If you don't need asymmetry, consider using the simpler and more efficient MAC instead.

The functionality of Digital Signature is represented in Tink as a pair of primitives:

  • PublicKeySign for data signing
  • PublicKeyVerify for signature verification

Choosing a key type

We recommend using ECDSA_P256 for most uses, but there are a variety of options. In general, the following holds true:

  • ECDSA_P256 is the most popular and works just fine in most cases. We note however that ECDSA Signature are malleable.[^1]
  • ED25519 creates deterministic signatures and provides better performance than ECDSA_P256.
  • RSA_SSA_PKCS1_3072_SHA256_F4 creates deterministic signatures and provides the best verification performance (but signing is much slower than ECDSA_P256 or ED25519).
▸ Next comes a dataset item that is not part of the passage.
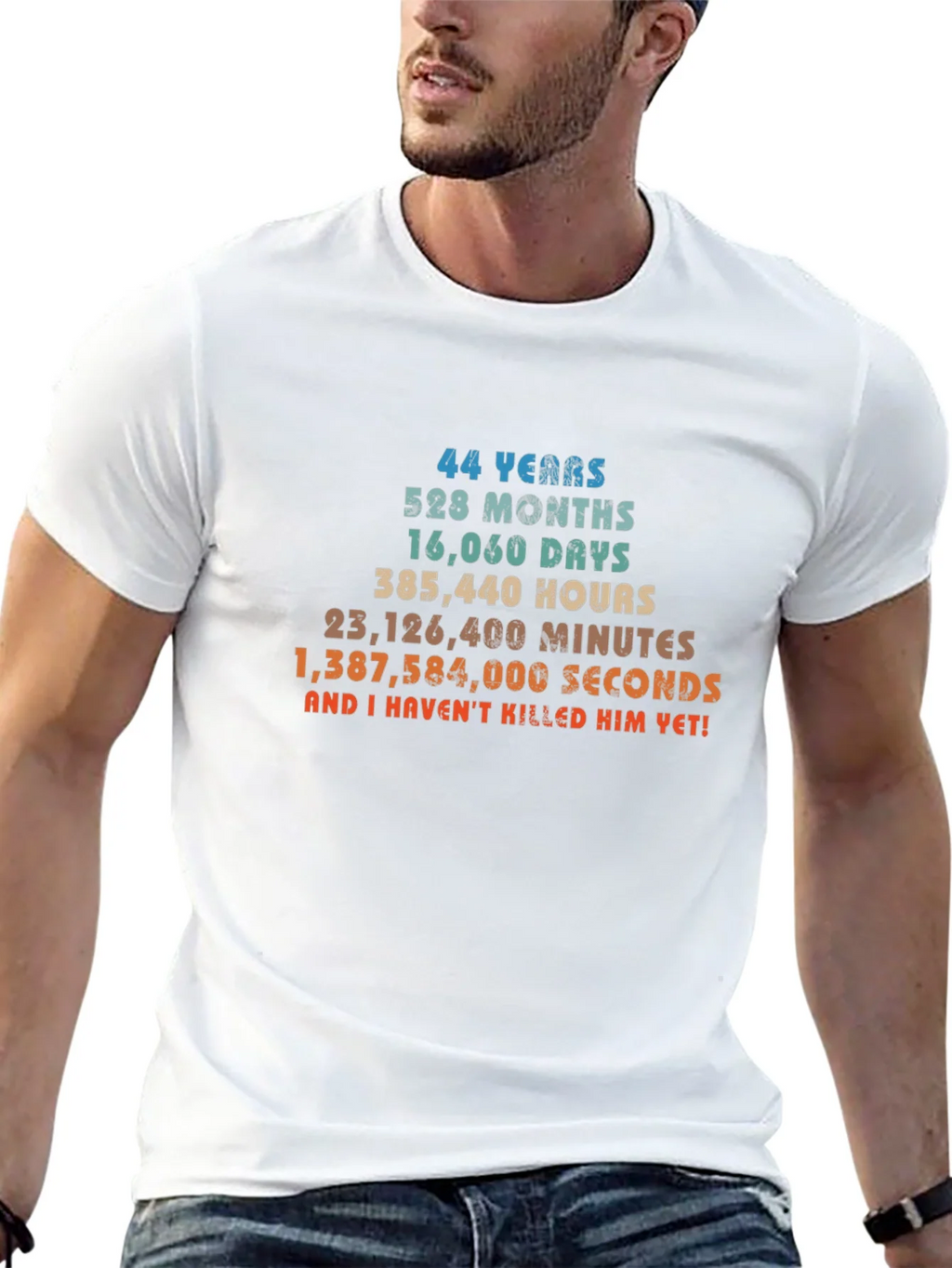 Funny 44th Anniversary T-Shirt - 44 Years and Counting! product image 12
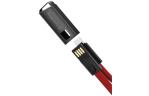 Дата кабель USB 2.0 AM to Type-C 0.22m red ColorWay (CW-CBUC023-RD)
Minimal security guarantees

  • Data to be signed can have arbitrary length
  • 128-bit security level against adaptive chosen-message attacks for elliptic curve based schemes
  • 112-bit security level against adaptive chosen-message attacks for RSA based schemes (allows 2048 bit keys)

Example use case

See I want to digitally sign data.

[^1] This means that it is possible for an attacker to create a different valid signature for an already signed message. While this is not a problem for most scenarios, in some cases programmers implicitly assume that valid signatures are unique, and this can lead to unexpected results.